Legend upgrades add a little bit of extra flexibility to each character, aiming to augment the existing core abilities instead of completely upending their playstyle – importantly, you should still know what to expect in general if you see a Gibby or Maggie coming at you, but might have to handle them slightly differently. So you can soup up Maggie’s Wrecking Ball ability so that it’s on fire and deals more damage, healers could revive allies with more HP, or you get a buff to shotgun damage.

The key thing is that this taps into the existing match progression, alongside the Evo armour. As you go through white, blue, purple and red armour tiers by dealing damage, using abilities and more to earn Evo, the blue and purple tiers will also present you with a pair of Legend upgrades, with you getting to choose one at each step. That’s the limit here, with Respawn giving two upgrade points as opposed to three or four to try and let them feel more impactful, while still retaining a little balance.

Speaking of armour and Evo, there’s changes to how this is upgraded. Armour is no longer something that you pick up, so there’s no quick leap up to better armour without going through the Evo progression system. You will have new ways to earn Evo, from new harvesters and caches which boost your whole squad, and there is still a way to grab shield cores from death boxes, though this will simply recharge you up to your maximum shield, with any higher tier shields you grab giving you an overcharge instead of a permanent swap.

Crafting has also been streamlined, so they no longer rely on crafting materials, and they only give you a smaller pool of items like health, shields, banners. They’re more predictable and dish things out quicker.

Much of this is in an effort to simplify Apex Legends a little bit, hopefully to be more welcoming to newcomers, and remove some of the cruft built up over the past few years, and you can see that effort elsewhere in the game as well.

Season 20 is bringing a new Straight Shot limited time mode that ramps up the pace of a battle royale match. This will come with a 30-player lobby size, spawning everyone automatically at points of interest – you’ll always have one other team for “company” – and with the end ring rolling in after around 10 minutes instead of 20. Even looting has been slimmed down so weapons you grab have set attachment loadouts (though you can still swap out the scopes).

It’s going to be much more rapid, and Respawn want you to roll from one match right into the next, to the extent that you can go straight back into matchmaking from the spectator view after you’ve been knocked out.

For those hooked on the ranked mode grind, Respawn are hitting the reset button here with a new and simplified ranking system.
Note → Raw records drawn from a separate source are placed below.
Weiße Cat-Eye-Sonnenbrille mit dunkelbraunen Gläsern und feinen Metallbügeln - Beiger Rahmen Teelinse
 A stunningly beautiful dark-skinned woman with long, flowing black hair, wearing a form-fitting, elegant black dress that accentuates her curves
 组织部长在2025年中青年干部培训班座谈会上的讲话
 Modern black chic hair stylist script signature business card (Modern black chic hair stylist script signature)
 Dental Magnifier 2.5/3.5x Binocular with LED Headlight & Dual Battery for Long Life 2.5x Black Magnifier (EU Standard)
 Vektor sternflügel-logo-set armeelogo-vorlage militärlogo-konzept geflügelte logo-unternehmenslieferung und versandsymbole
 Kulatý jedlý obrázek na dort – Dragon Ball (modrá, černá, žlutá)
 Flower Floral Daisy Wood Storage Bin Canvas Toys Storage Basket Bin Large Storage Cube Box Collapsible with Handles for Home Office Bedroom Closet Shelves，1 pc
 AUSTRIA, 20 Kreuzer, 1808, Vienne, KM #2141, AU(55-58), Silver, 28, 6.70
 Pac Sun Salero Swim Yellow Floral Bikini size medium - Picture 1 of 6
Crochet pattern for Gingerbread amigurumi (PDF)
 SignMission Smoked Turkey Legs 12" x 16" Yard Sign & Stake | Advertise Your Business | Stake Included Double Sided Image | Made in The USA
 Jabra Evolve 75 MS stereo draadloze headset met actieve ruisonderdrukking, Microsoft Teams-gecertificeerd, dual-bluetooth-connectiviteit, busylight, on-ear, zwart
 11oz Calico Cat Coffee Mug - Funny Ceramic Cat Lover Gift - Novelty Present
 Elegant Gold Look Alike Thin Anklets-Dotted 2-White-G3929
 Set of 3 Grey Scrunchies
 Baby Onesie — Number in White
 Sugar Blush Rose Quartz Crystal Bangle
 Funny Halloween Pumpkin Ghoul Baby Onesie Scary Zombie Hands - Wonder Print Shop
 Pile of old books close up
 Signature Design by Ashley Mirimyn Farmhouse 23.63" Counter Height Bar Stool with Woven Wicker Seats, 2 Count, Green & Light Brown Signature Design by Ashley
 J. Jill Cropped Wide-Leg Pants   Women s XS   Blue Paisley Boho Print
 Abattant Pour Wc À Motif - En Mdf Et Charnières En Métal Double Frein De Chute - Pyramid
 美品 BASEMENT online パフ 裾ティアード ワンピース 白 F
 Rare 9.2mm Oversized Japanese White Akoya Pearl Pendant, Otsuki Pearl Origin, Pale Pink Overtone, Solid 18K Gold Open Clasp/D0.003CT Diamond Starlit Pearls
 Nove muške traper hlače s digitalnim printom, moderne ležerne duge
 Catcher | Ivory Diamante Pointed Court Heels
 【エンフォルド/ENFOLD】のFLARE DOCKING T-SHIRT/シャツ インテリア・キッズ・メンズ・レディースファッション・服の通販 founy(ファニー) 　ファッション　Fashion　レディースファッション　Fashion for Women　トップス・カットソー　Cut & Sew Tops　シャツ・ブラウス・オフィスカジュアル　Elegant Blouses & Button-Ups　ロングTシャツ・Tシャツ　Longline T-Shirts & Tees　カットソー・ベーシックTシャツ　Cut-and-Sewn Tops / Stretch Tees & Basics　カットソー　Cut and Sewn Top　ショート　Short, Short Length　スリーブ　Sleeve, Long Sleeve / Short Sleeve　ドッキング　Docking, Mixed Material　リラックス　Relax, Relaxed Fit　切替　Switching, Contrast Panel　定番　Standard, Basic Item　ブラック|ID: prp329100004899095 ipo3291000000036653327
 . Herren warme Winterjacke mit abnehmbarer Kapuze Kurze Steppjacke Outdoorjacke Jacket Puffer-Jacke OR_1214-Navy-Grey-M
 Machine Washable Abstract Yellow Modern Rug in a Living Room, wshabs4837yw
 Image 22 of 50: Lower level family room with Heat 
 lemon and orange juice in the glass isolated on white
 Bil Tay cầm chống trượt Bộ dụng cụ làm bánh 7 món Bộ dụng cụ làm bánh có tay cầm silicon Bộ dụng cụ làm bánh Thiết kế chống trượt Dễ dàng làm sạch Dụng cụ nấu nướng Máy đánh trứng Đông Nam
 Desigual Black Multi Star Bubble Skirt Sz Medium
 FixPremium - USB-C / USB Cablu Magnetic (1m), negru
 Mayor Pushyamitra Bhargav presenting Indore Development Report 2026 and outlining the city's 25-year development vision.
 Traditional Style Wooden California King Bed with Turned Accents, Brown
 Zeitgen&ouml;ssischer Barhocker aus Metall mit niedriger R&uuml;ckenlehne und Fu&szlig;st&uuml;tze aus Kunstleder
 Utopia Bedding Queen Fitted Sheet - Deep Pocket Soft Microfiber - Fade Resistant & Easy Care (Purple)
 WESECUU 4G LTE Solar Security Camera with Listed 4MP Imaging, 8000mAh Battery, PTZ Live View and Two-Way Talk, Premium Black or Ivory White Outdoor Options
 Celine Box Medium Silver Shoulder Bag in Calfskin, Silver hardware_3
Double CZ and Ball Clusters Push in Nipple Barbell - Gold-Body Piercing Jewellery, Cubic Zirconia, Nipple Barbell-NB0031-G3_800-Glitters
There’s no more behind the scenes hidden MMR going into matchmaking, it will just use your Ranked Points (RP) and level derived from that to match you to similarly ranked players.

All players will be starting at 1 RP, so the first days will be pretty chaotic here, but after that should settle down into relative skill levels. Good players will race up the early ranks thanks to the scoring model now rewarding more for kills, with increasing value as you place higher. You’ll also have a bonus for knocking off anyone of a higher rank than you, and there’s a bonus for a streak of top 5 placements. All of this will be more transparently outlined in a post-match summary, so you know what points came from kills, skills, placement and so on.

All in all, it actually feels a little subdued for a fifth anniversary update, outside of having blimps floating around the maps, but that’s probably for the betterment of the game in the long run. There’s no big new story arc after last year’s Kill Code narrative, and there’s no new character, but Respawn are resetting the foundations with Legend Upgrades and tweaks to armour, giving more bitesized matches in Straight Shot, and demystifying ranked matchmaking in ways that can only be good for the game.